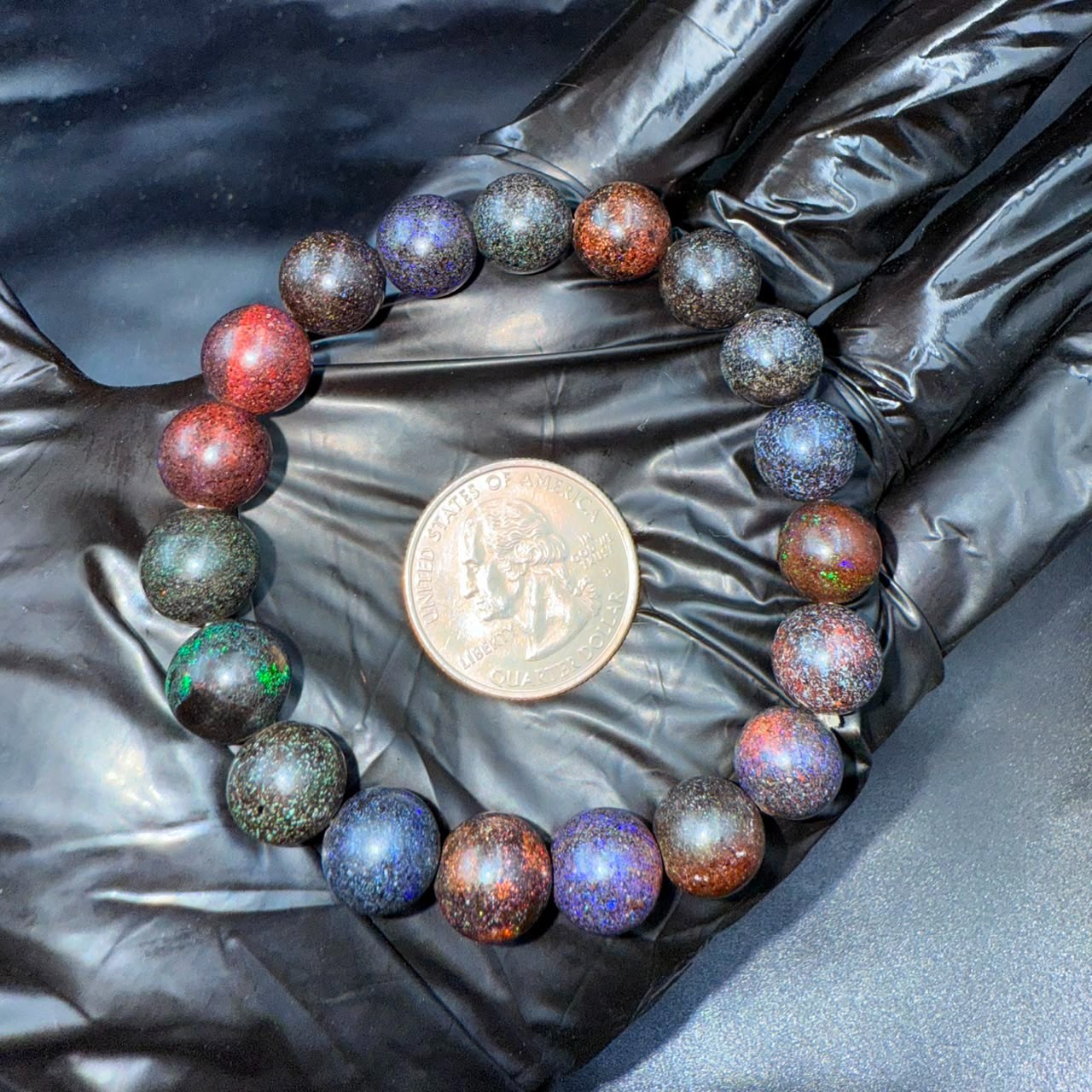 101.CT Natural Matrix Opal Beaded Bracelet 10X10MM| Multi Fire Gemstone Jewelry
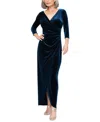 Alex Evenings Three-quarter Sleeve Velvet Gown In Imperial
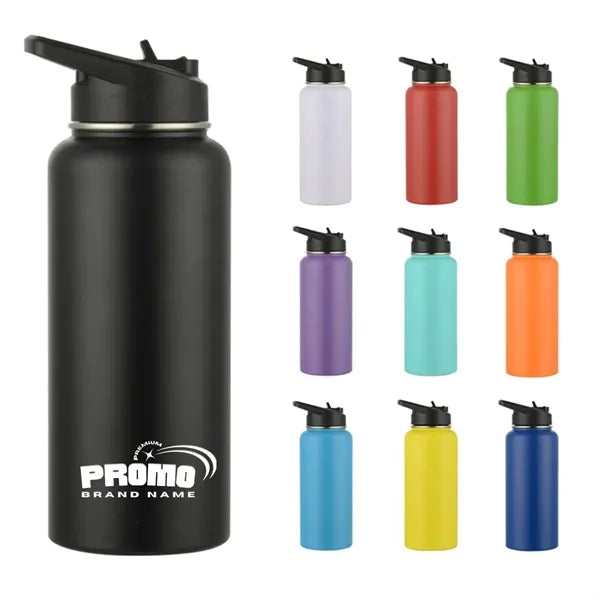 32oz Sports Vacuum Insulated Straw Spout Lid Water Bottle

### Your task
Could you repeat the listing above exactly, omitting its pictures?

### Reply
 101.CT Natural Matrix Opal Beaded Bracelet 10X10MM| Multi Fire Gemstone Jewelry
 Alex Evenings Three-quarter Sleeve Velvet Gown In Imperial
 32oz Sports Vacuum Insulated Straw Spout Lid Water Bottle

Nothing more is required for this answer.